Writing the dissenting opinion, Justice Sotomayor expressed grave concerns about the direction in which this ruling would take the country. She argued that the court had forever changed the relationship between church and state “by holding, for the first time, that the Constitution requires the government to provide public funds directly to the church.” This will not necessarily prove to be the case in all future legal fights of this nature. As Gorsuch pointed out, there is always the question of how public funds would be used by any specific religious entity. This question will, undoubtedly, become the litmus test for deciding future cases. Sotomayor implied one important consideration, however. “[The court’s] reasoning weakens this country’s longstanding commitment to a separation of church and state beneficial to both.”
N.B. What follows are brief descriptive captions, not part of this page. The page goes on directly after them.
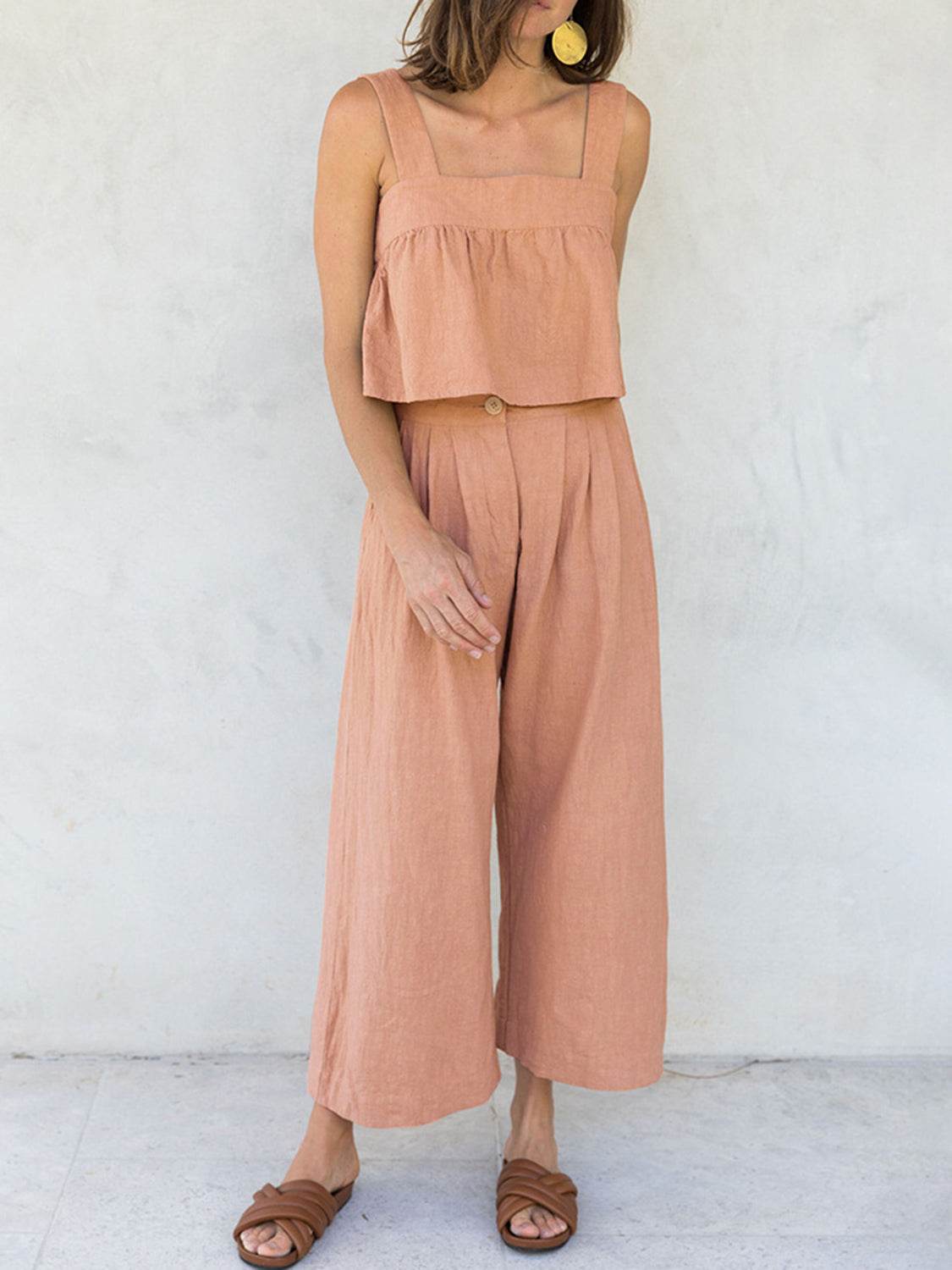 Square Neck Wide Strap Top and Pants Set - DaTrendStore.Com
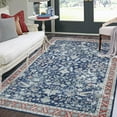 thumbnail image 2 of Haperlare Washable Area Rug Persian Traditional Chic Area Rugs Carpet Vintage Distressed Carpet Rug Foldable Coffee Table Accent Rug Bedroom Decor, Blue 4' x 6', 2 of 5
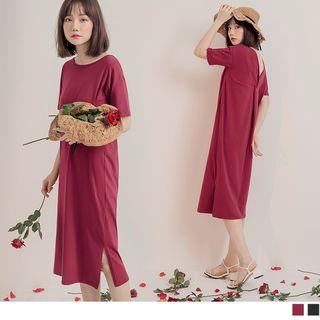 Short-sleeve Plain Cutout Dress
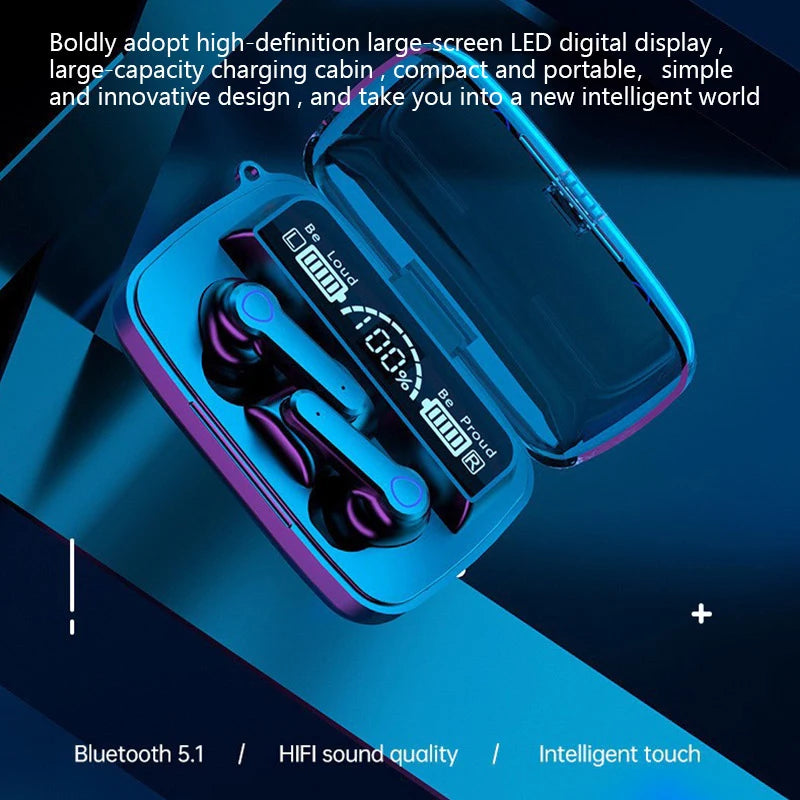 M19 TWS Wireless Bluetooth Earbuds ‚Äì Noise-Cancelling Gaming Headset with Mic & Power Bank Case image 2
The secular nature of the United States Constitution was more about protecting religious practice from government interference than it was about protecting the civil government from religious zealotry. It is the nature of government to believe that the money it spends or grants belong to it, rather than to the people. A government does not provide any private entity with money unconditionally. Having accepted public funds, a church has given away a piece of its independence. The more the federal government, or state governments, provide public funding to churches or other religious entities, the more those churches may become vulnerable to government regulation or other conditions for receiving said funds.
By fighting for – and winning – public funding, religious entities are taking the first steps along a potentially hazardous path.
From the perspective of one who cherishes states’ rights. The Trinity Lutheran v. Comer ruling is not good news. Whatever arguments can be made, regarding the church-state relationship, this is still an example of the federal government interfering with the laws of a state. Notably, the justices declined to address this issue. The First Amendment applies to the federal government – specifically, to Congress – but does it apply equally to the states? This decision would imply that it does. If that is the case, then how does one reconcile that with the existence of numerous state laws that clearly infringe upon constitutional rights? If states are compelled to comply with the First Amendment, then why not the Second Amendment? Many states have overly-restrictive firearms laws which clearly run counter to the Second Amendment imperative that the right to keep and bear arms shall not be infringed. Shall those also be challenged?
Trinity Lutheran, it can be argued, has emerged with a clear and just victory, regarding its specific case. The blurring of lines between civil government and religious entities, however, does not bode well – particularly, for the latter. The further encroachment, by the federal government, upon a state’s right to autonomy also runs counter to the intent of the nation’s founders. The Missouri church will now get to renovate its playground but, in the grand scheme, the children who will play there are the only winners.